Material for the task →
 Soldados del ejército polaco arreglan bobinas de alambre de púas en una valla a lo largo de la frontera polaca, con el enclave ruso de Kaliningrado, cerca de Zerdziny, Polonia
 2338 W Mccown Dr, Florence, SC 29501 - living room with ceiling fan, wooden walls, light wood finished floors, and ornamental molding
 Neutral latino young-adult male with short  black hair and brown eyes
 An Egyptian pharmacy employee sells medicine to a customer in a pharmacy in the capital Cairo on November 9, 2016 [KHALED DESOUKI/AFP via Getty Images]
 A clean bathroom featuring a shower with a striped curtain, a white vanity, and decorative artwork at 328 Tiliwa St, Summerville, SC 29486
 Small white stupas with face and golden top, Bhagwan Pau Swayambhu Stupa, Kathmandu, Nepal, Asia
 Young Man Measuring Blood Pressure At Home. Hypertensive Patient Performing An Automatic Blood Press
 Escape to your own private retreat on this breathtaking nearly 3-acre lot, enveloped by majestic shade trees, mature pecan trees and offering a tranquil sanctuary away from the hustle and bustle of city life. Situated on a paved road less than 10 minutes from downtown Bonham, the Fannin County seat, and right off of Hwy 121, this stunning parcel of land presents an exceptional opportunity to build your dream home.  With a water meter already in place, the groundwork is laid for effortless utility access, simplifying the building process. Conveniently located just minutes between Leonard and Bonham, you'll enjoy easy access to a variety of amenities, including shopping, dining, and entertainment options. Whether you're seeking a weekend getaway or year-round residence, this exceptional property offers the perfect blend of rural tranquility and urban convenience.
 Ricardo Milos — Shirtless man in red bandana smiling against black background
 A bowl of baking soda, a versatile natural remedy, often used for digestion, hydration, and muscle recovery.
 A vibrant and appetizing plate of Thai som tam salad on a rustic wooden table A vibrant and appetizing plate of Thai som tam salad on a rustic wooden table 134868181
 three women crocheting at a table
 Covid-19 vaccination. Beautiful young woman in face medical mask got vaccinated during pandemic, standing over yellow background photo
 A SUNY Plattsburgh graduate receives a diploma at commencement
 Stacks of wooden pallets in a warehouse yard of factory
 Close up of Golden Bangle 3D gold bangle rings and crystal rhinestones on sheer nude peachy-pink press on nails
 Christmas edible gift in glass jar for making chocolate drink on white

Problem → The whole listing above needs to be transcribed exactly.

Exercise response →
 Soldados del ejército polaco arreglan bobinas de alambre de púas en una valla a lo largo de la frontera polaca, con el enclave ruso de Kaliningrado, cerca de Zerdziny, Polonia
 2338 W Mccown Dr, Florence, SC 29501 - living room with ceiling fan, wooden walls, light wood finished floors, and ornamental molding
 Neutral latino young-adult male with short  black hair and brown eyes
 An Egyptian pharmacy employee sells medicine to a customer in a pharmacy in the capital Cairo on November 9, 2016 [KHALED DESOUKI/AFP via Getty Images]
 A clean bathroom featuring a shower with a striped curtain, a white vanity, and decorative artwork at 328 Tiliwa St, Summerville, SC 29486
 Small white stupas with face and golden top, Bhagwan Pau Swayambhu Stupa, Kathmandu, Nepal, Asia
 Young Man Measuring Blood Pressure At Home. Hypertensive Patient Performing An Automatic Blood Press
 Escape to your own private retreat on this breathtaking nearly 3-acre lot, enveloped by majestic shade trees, mature pecan trees and offering a tranquil sanctuary away from the hustle and bustle of city life. Situated on a paved road less than 10 minutes from downtown Bonham, the Fannin County seat, and right off of Hwy 121, this stunning parcel of land presents an exceptional opportunity to build your dream home.  With a water meter already in place, the groundwork is laid for effortless utility access, simplifying the building process. Conveniently located just minutes between Leonard and Bonham, you'll enjoy easy access to a variety of amenities, including shopping, dining, and entertainment options. Whether you're seeking a weekend getaway or year-round residence, this exceptional property offers the perfect blend of rural tranquility and urban convenience.
 Ricardo Milos — Shirtless man in red bandana smiling against black background
 A bowl of baking soda, a versatile natural remedy, often used for digestion, hydration, and muscle recovery.
 A vibrant and appetizing plate of Thai som tam salad on a rustic wooden table A vibrant and appetizing plate of Thai som tam salad on a rustic wooden table 134868181
 three women crocheting at a table
 Covid-19 vaccination. Beautiful young woman in face medical mask got vaccinated during pandemic, standing over yellow background photo
 A SUNY Plattsburgh graduate receives a diploma at commencement
 Stacks of wooden pallets in a warehouse yard of factory
 Close up of Golden Bangle 3D gold bangle rings and crystal rhinestones on sheer nude peachy-pink press on nails
 Christmas edible gift in glass jar for making chocolate drink on white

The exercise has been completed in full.